Commodity markets have two things in common:

  1. There is plenty of business to go around, that is why it is a commodity market. In a mature, saturated market, the challenge is to attract some of the business that is around, not build a new market.
  2. Customers focus aggressively on price, usually because none of the suppliers in the market give them a reason to focus on anything else, and it is an easy common denominator.
  3. Finding a sustainable point of differentiation is never easy, if it was, everyone would be doing it.  The starting point is to understand what the commodity you sell is used for, understand how the product adds value to the customer, and restructure the offering around the source of value.

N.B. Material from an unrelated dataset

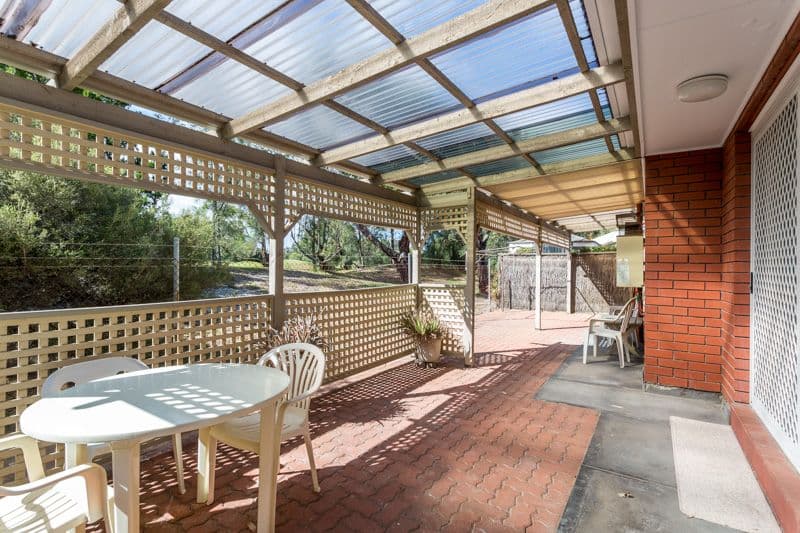 34 Lochside Drive, West Lakes SA 5021, West Lakes - Thumbnail 7
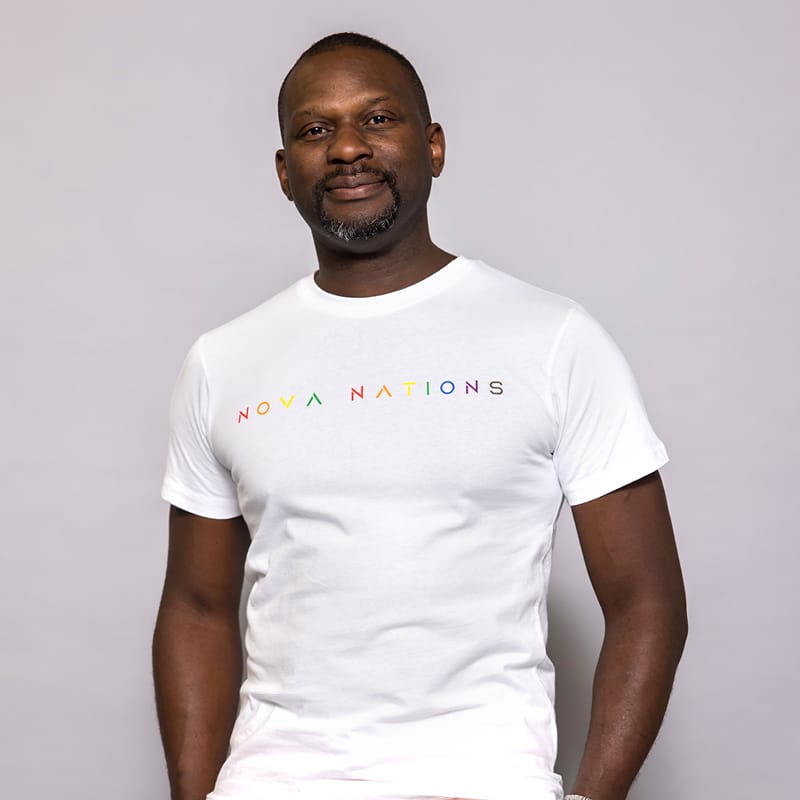 Shirt Multicolor - Image 4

    For example, hiring a car is an exercise in price comparison and the convenience of pick-up and drop-off, not much else. A hirer wants a car to give them mobility, flexibility, and economy of time, and money (compared to taxis). Why doesn’t someone charge by the Km after a small base charge to cover insurance and availability. Suddenly, the game is changed! Same with car insurance, we all pay the same differentiated only by the age and location of the driver, and type of car, but cars are about offering mobility, and logically the more you drive, the greater the chance of a claim, so charge by the Km driven after a small  base charge to acknowledge the other variables. What about advertising, why not charge by the response, putting some responsibility on the medium to deliver what it promises, even something as basic as printing services, differential pricing based on turnaround times, response rates (even for printed leaflets, brochures, and so on) is possible.

    When you charge for the value delivered, as seen by the customer, rather than just the production, the market loses the second of the characteristics noted above, and differentiation has emerged.